学校改革としてのイエナ・プラン ペーター・ペーターゼンの自律的教育科学の構想を訪ねて
20面記事
安藤 和久 著
授業指導などの源流問い直す
日本国内でも教育理念、教育方法が注目され、小欄では『今こそ日本の学校に! イエナプラン実践ガイドブック』や名古屋市立小学校の取り組み『イエナプラン教育を取り入れた自由進度学習』などの刊行物を紹介してきた。
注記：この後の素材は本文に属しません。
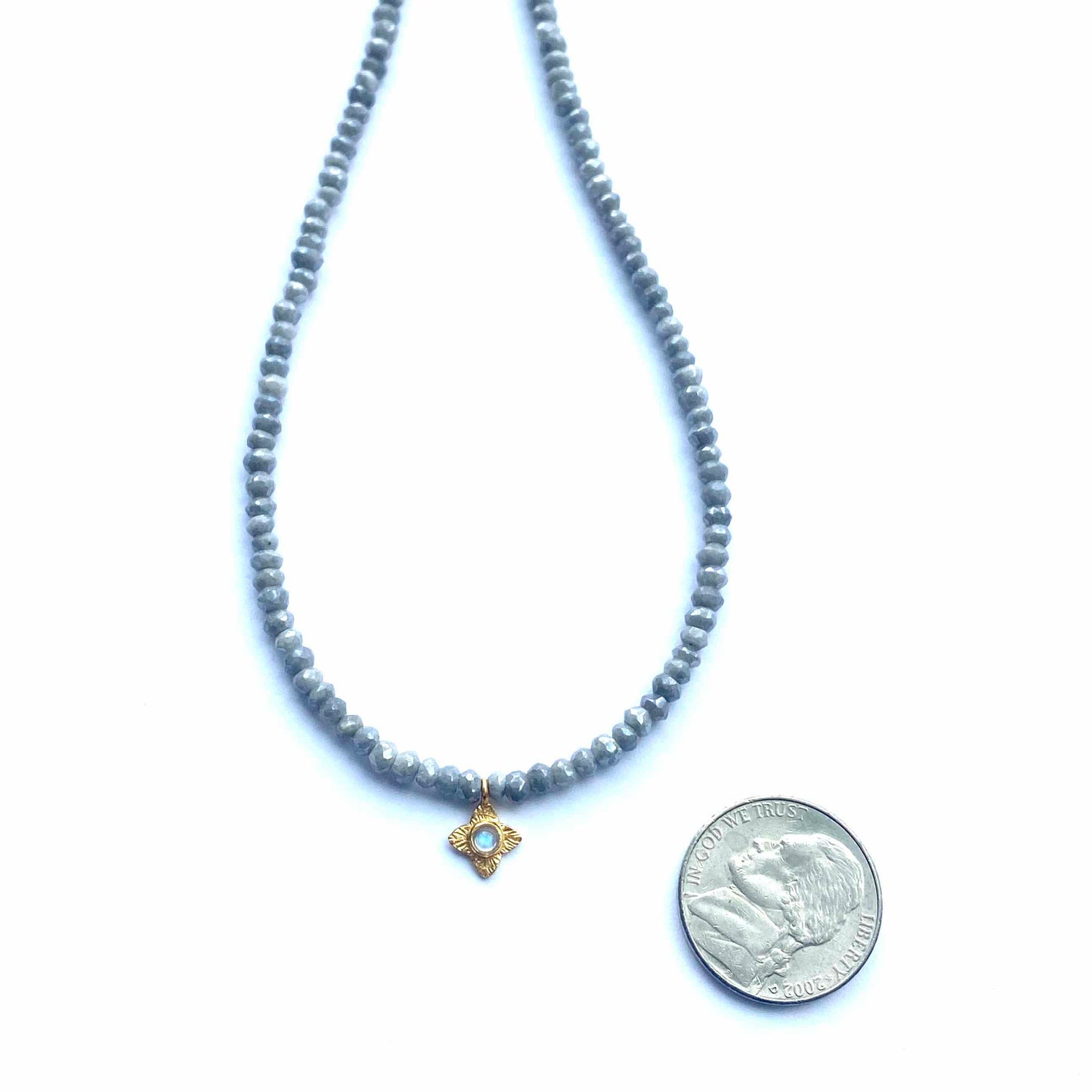 Gray beaded necklace with a gold pendant on a white background
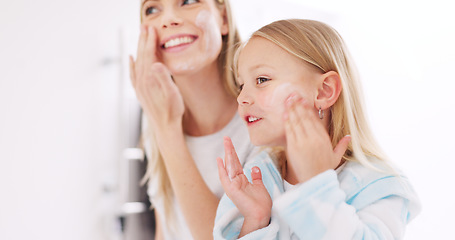 Image showing Skincare, mother and daughter home spa day washing their face in bathroom or apply beauty product, lotion or face mask while bonding at home. Happy woman and girl child doing morning skin routine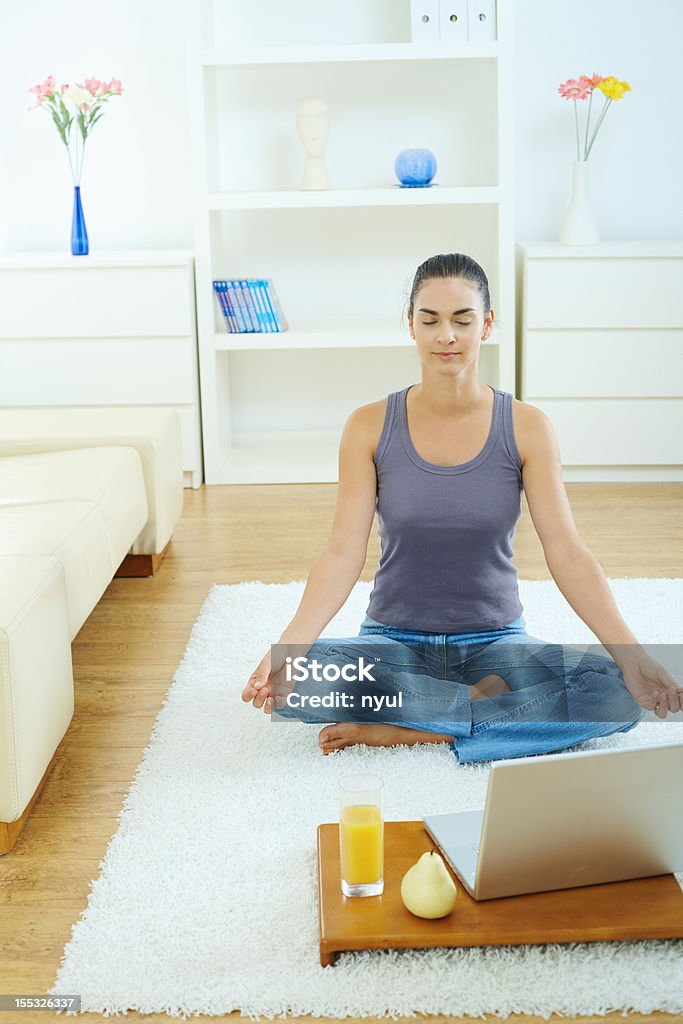 Meditation "Beautiful woman sitting cross-legged on the floor at home, meditating. Click here for more ""People at Home"" images:    " Healthy Lifestyle Stock Photo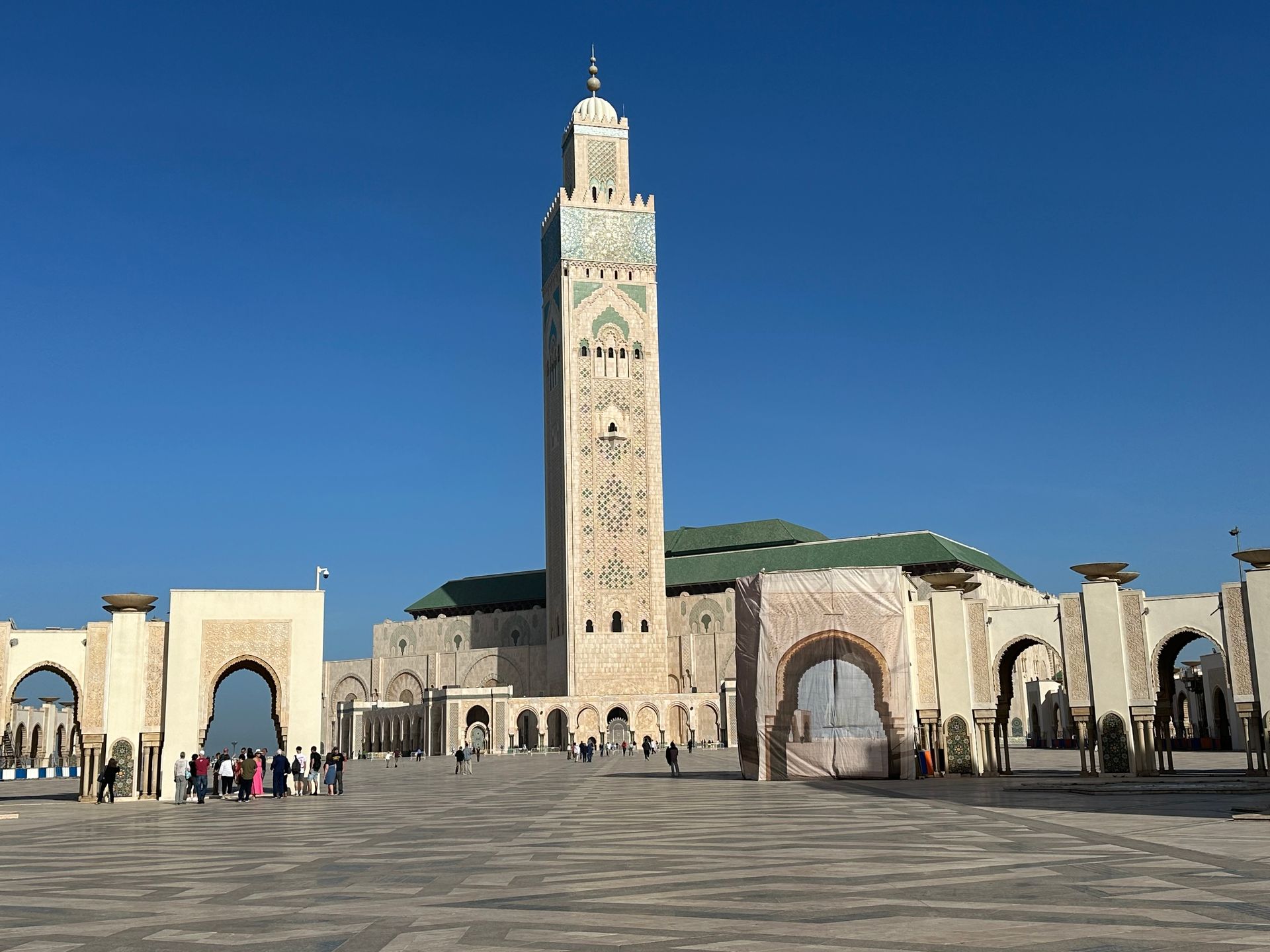 Hassan II Mosque in Casablanca, Morocco; tall minaret, arches, and large courtyard; blue sky.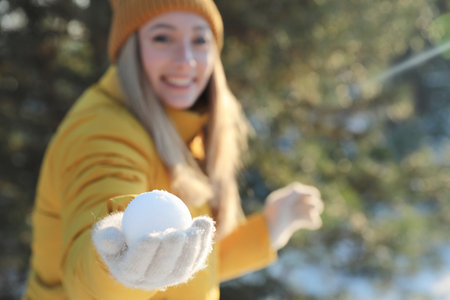 Woman with snowball outdoors, focus on hand. Space for textの写真素材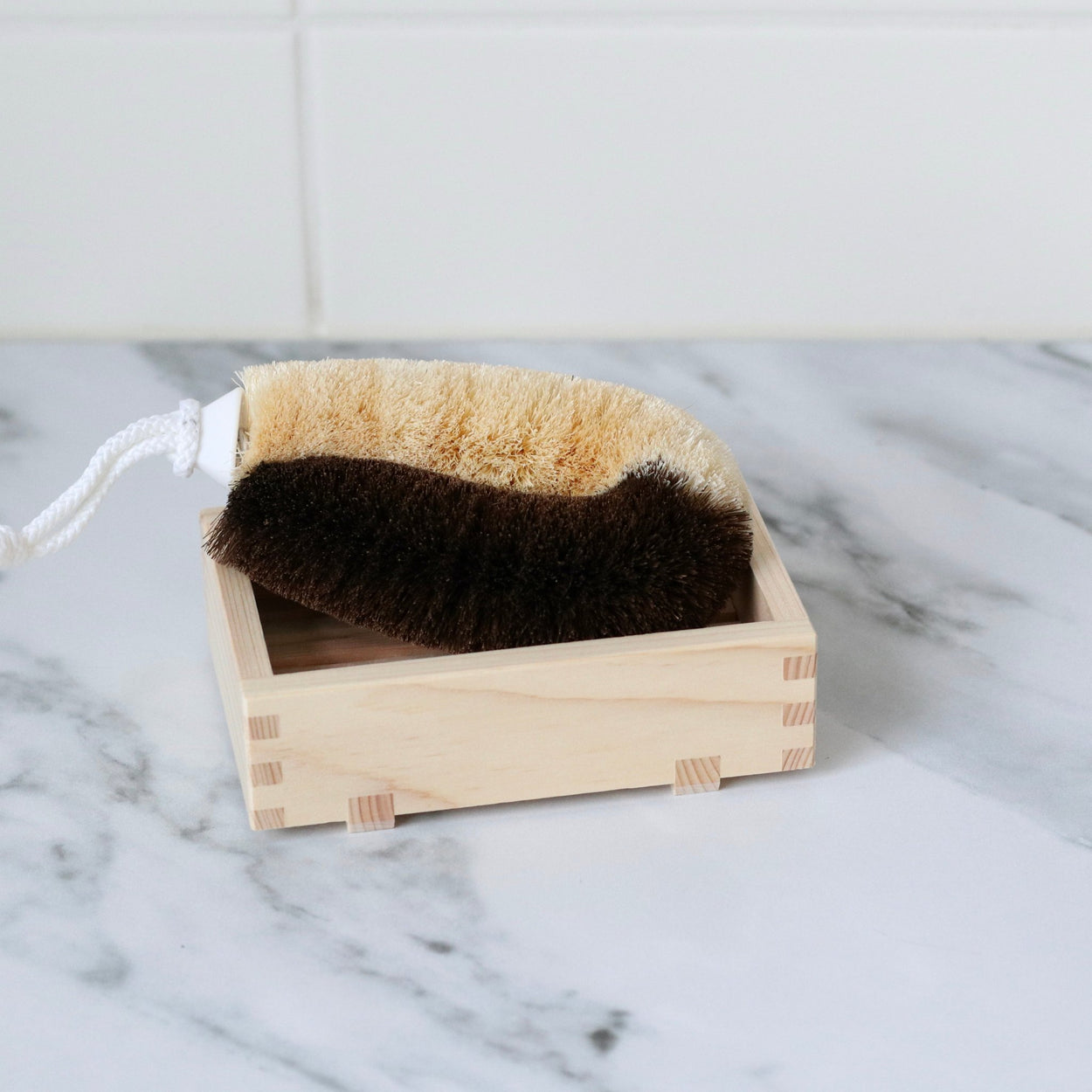 Japanese two toned natural body scrub brush in hinoki soap dish on marble bench top
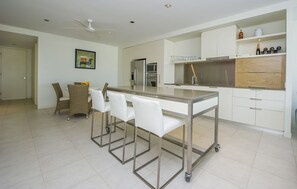 A modern kitchen with a central island, white cabinetry, and a dining area with wicker chairs. - Blue on Blue Apartment 912 (Nelly Bay)
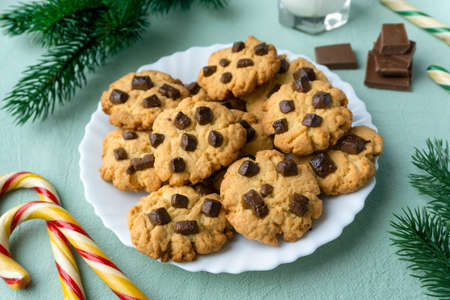 Christmas cookies with chocolate chips on blue textile backgroundの写真素材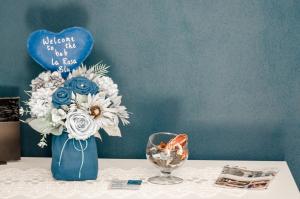 a blue vase with flowers on a table at La Rosa Blu in Gerace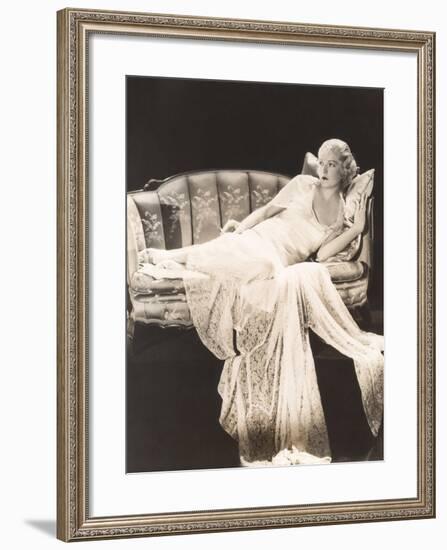Woman in Lace Gown Lounging on Sofa-null-Framed Photo
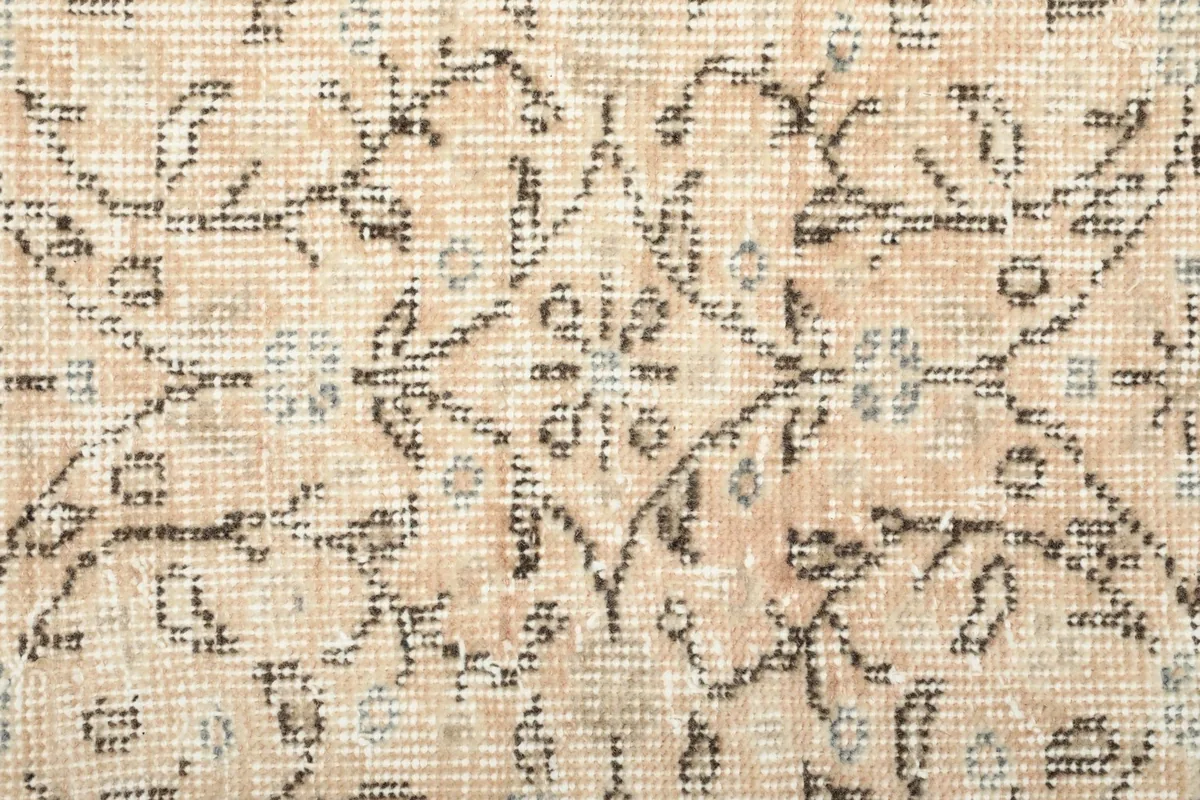 Extreme close-up of the hand-knotted wool pile, showing individual knots and subtle color shifts.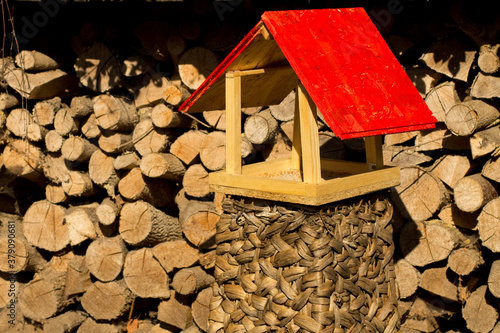 selbst gebautes vogelhaus mit roten dach vor einem stapel holz im garten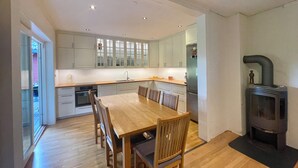 Een moderne keuken met een eetgedeelte, houten vloeren en een ingebouwde houtkachel.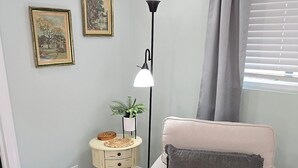 Una habitación con pared azul claro, un sillón color beige con cojín gris, alfombra estampada, una mesita con una planta y dos cuadros enmarcados.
これらはオランダ発の「イエナプラン」に関わるものだ。
本書は、その発祥となったペーター・ペーターゼンがドイツ・テューリンゲン州のイエナ大学附属学校で構想、実践した「イエナプラン教育学」に焦点を当てる。「ペーターゼンの自律的教育科学の構想」「ペーターゼンによるイエナ・プランの授業指導論」「1924―1950年のイエナ・プランによる学校改革過程」の第一~三章は、「自由で一般的な民衆学校」に向けた学校改革「イエナ・プラン」がなぜ生まれ、何を目指し、どのような方法を模索したか、詳細に記述する労作である。
ペーターゼンは、ナチス時代の振る舞いにより、戦後「公職追放」された。その業績については、当時の政治情勢の見方により、ドイツ国内でも判断が分かれるようだ。
「一回性の教育現実を前にして、源流に拘泥する必要はないが、継承のあり方は常に源流から問い直さなければならない」という立場から著者が当時の資料をたどり示す、附属学校での「授業指導」「教育学研究」「教師教育」の在り方は、現代の教育の課題を考察する際に示唆に富んだものではないだろうか。